_YOUR TASK_
Copy out, word for word, the lines from the start of the data below through the line containing "NV license plate 41B413", and no others.

_Scraped caption text data_
"""

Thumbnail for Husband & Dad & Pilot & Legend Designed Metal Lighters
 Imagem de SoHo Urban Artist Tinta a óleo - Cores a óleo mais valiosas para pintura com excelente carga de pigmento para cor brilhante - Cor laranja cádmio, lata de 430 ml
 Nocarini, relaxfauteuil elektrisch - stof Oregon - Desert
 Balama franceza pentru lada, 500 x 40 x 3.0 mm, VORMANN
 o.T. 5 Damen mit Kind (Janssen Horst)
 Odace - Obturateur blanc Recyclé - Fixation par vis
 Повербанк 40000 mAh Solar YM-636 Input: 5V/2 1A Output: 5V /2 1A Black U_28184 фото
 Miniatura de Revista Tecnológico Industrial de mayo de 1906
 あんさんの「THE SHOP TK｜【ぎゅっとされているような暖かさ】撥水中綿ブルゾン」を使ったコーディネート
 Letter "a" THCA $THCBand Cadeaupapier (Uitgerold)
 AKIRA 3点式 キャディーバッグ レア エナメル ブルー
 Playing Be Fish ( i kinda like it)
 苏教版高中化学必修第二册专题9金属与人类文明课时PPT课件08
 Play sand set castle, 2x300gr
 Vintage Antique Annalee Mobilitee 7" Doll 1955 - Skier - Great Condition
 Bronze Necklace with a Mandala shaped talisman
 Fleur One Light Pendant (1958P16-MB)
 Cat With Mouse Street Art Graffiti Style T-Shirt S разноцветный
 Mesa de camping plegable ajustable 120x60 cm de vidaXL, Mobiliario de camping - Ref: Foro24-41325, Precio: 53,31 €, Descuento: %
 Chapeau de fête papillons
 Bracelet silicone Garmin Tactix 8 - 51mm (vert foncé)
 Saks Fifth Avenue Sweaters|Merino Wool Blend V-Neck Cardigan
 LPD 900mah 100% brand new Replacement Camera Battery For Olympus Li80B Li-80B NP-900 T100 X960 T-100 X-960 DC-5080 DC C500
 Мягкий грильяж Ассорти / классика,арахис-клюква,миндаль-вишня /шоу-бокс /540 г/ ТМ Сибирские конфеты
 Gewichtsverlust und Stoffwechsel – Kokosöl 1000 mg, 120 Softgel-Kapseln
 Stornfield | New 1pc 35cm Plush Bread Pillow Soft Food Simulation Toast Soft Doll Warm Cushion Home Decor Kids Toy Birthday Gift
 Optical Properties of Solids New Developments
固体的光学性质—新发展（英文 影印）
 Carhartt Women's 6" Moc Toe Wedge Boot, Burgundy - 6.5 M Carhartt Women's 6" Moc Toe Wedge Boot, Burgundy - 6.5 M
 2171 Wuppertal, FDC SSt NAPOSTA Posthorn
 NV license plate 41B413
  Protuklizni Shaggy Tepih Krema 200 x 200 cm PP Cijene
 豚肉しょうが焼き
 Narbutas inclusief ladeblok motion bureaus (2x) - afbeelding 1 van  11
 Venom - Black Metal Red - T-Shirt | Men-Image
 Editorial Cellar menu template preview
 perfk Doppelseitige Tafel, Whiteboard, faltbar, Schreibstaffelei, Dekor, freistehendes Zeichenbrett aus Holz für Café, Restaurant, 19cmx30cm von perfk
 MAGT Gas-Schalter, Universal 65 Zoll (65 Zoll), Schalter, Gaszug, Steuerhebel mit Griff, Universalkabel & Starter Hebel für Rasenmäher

"""

_PROBLEM SOLUTION_
Thumbnail for Husband & Dad & Pilot & Legend Designed Metal Lighters
 Imagem de SoHo Urban Artist Tinta a óleo - Cores a óleo mais valiosas para pintura com excelente carga de pigmento para cor brilhante - Cor laranja cádmio, lata de 430 ml
 Nocarini, relaxfauteuil elektrisch - stof Oregon - Desert
 Balama franceza pentru lada, 500 x 40 x 3.0 mm, VORMANN
 o.T. 5 Damen mit Kind (Janssen Horst)
 Odace - Obturateur blanc Recyclé - Fixation par vis
 Повербанк 40000 mAh Solar YM-636 Input: 5V/2 1A Output: 5V /2 1A Black U_28184 фото
 Miniatura de Revista Tecnológico Industrial de mayo de 1906
 あんさんの「THE SHOP TK｜【ぎゅっとされているような暖かさ】撥水中綿ブルゾン」を使ったコーディネート
 Letter "a" THCA $THCBand Cadeaupapier (Uitgerold)
 AKIRA 3点式 キャディーバッグ レア エナメル ブルー
 Playing Be Fish ( i kinda like it)
 苏教版高中化学必修第二册专题9金属与人类文明课时PPT课件08
 Play sand set castle, 2x300gr
 Vintage Antique Annalee Mobilitee 7" Doll 1955 - Skier - Great Condition
 Bronze Necklace with a Mandala shaped talisman
 Fleur One Light Pendant (1958P16-MB)
 Cat With Mouse Street Art Graffiti Style T-Shirt S разноцветный
 Mesa de camping plegable ajustable 120x60 cm de vidaXL, Mobiliario de camping - Ref: Foro24-41325, Precio: 53,31 €, Descuento: %
 Chapeau de fête papillons
 Bracelet silicone Garmin Tactix 8 - 51mm (vert foncé)
 Saks Fifth Avenue Sweaters|Merino Wool Blend V-Neck Cardigan
 LPD 900mah 100% brand new Replacement Camera Battery For Olympus Li80B Li-80B NP-900 T100 X960 T-100 X-960 DC-5080 DC C500
 Мягкий грильяж Ассорти / классика,арахис-клюква,миндаль-вишня /шоу-бокс /540 г/ ТМ Сибирские конфеты
 Gewichtsverlust und Stoffwechsel – Kokosöl 1000 mg, 120 Softgel-Kapseln
 Stornfield | New 1pc 35cm Plush Bread Pillow Soft Food Simulation Toast Soft Doll Warm Cushion Home Decor Kids Toy Birthday Gift
 Optical Properties of Solids New Developments
固体的光学性质—新发展（英文 影印）
 Carhartt Women's 6" Moc Toe Wedge Boot, Burgundy - 6.5 M Carhartt Women's 6" Moc Toe Wedge Boot, Burgundy - 6.5 M
 2171 Wuppertal, FDC SSt NAPOSTA Posthorn
 NV license plate 41B413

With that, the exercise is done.